The story of Google starts in 1995 when Sergey Brin and Larry Page met at Stanford University. Larry was considering Stanford for grad school and Sergey was already a student there, assigned to show him around.

The first meeting was not all sugar and spice and everything nice. They didn’t see eye to eye most of the time, but having a common goal allowed them to struck a partnership a year later.

They began building a search engine that used links to determine the importance of individual pages on the web which they called Backrub. Their naming skills may have lacked inspiration, but they knew what their mission was:

Basically, our goal is to organize the world’s information and to make it universally accessible and useful.

Larry Page

Although they were working out of their dorm rooms, their work attracted the attention of self-made billionaire and co-founder of Sun Microsystems, Andy Bechtolsheim who gave the dynamic duo a check for $100,000. This lead to the official birth of Google Inc in 1998. Receiving investment funds allowed Larry and Page to move their work into a garage, now famous, in Menlo Park, California.
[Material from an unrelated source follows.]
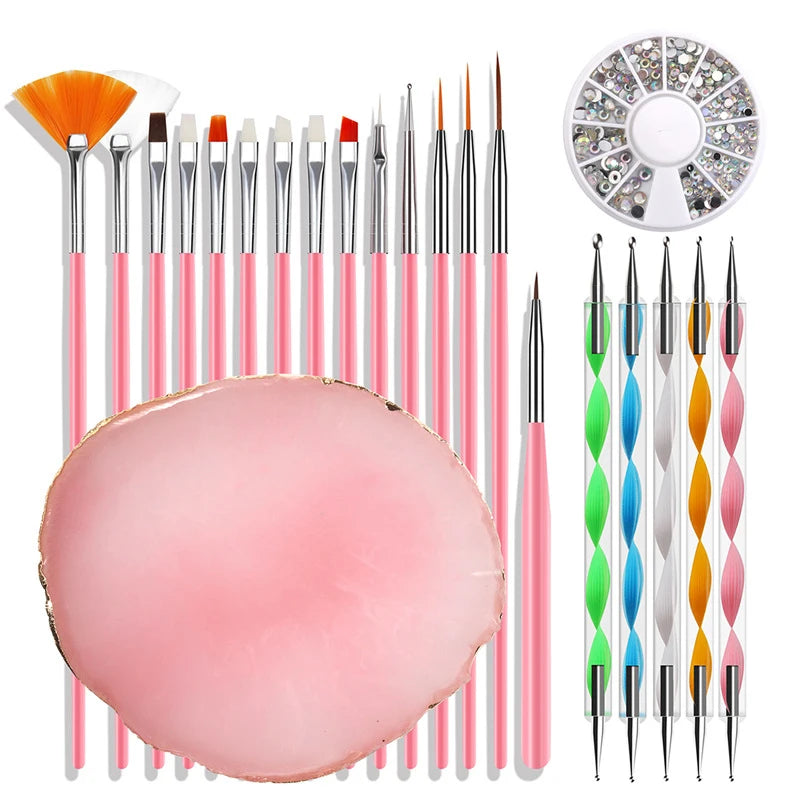 TAMAX NAK019 Nail Art Kits with 5pcs Dotting Pens 15PCS NAIL BRUSH 1 Rhinestone Crystal Color Tray Manicure Tools Set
The garage was owned by Susan Wojcicki (employee #16 and now CEO of YouTube).

If what we are doing is not seen by some people as science fiction, it’s probably not transformative enough.

Sergey Brin

Today Google has more than 60,000 employees in 50 different countries and makes hundreds of products used by billions of people across the globe. As of July 2019, Google’s net worth is $864.49B, followed by Facebook ($570.184B) and China-based Tencent ($450.071B).

Google is a giant corporation and in 20 years since its founding, it had many ups and downs. Read about some of them in the article I wrote on the occasion of Google turning 20 in 2018.

Do you want to know where is Google heading?

Read this article: The Biggest Tech Acquisitions of 2018: Apple, Amazon, Google, Microsoft.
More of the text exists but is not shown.